**Exercise requirements**
Output only the lines of the entries that follow, starting at the one with "Könnte beinhalten: Eine" and running down to the one with "Giorgio Armani Blue", both included and unchanged.

**Data excerpts**
::::::

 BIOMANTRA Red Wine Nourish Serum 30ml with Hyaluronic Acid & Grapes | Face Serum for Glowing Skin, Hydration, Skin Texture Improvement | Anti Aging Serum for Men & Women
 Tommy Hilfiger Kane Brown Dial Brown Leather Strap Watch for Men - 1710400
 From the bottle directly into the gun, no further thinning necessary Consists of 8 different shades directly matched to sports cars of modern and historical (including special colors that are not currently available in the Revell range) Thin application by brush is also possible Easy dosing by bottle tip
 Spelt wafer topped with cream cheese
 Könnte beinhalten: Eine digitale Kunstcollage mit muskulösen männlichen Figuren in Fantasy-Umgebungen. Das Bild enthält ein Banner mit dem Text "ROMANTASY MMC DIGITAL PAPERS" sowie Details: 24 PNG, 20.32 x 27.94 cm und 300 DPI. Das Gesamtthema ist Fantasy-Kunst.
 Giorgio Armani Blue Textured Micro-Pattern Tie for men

::::::

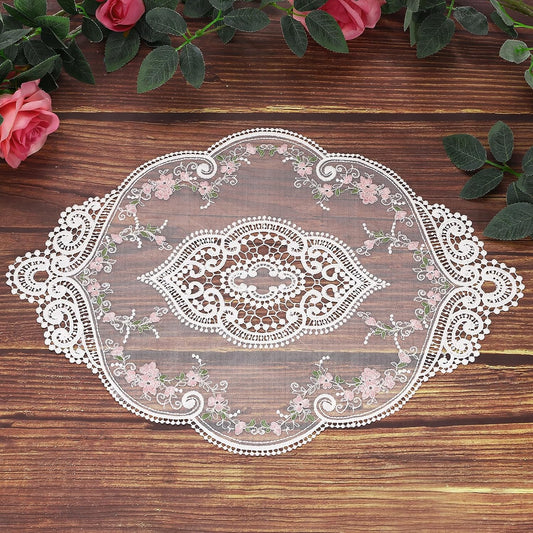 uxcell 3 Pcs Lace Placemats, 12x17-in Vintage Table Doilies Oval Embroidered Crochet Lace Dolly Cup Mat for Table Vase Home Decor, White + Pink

::::::

**Your solution**
 Könnte beinhalten: Eine digitale Kunstcollage mit muskulösen männlichen Figuren in Fantasy-Umgebungen. Das Bild enthält ein Banner mit dem Text "ROMANTASY MMC DIGITAL PAPERS" sowie Details: 24 PNG, 20.32 x 27.94 cm und 300 DPI. Das Gesamtthema ist Fantasy-Kunst.
 Giorgio Armani Blue Textured Micro-Pattern Tie for men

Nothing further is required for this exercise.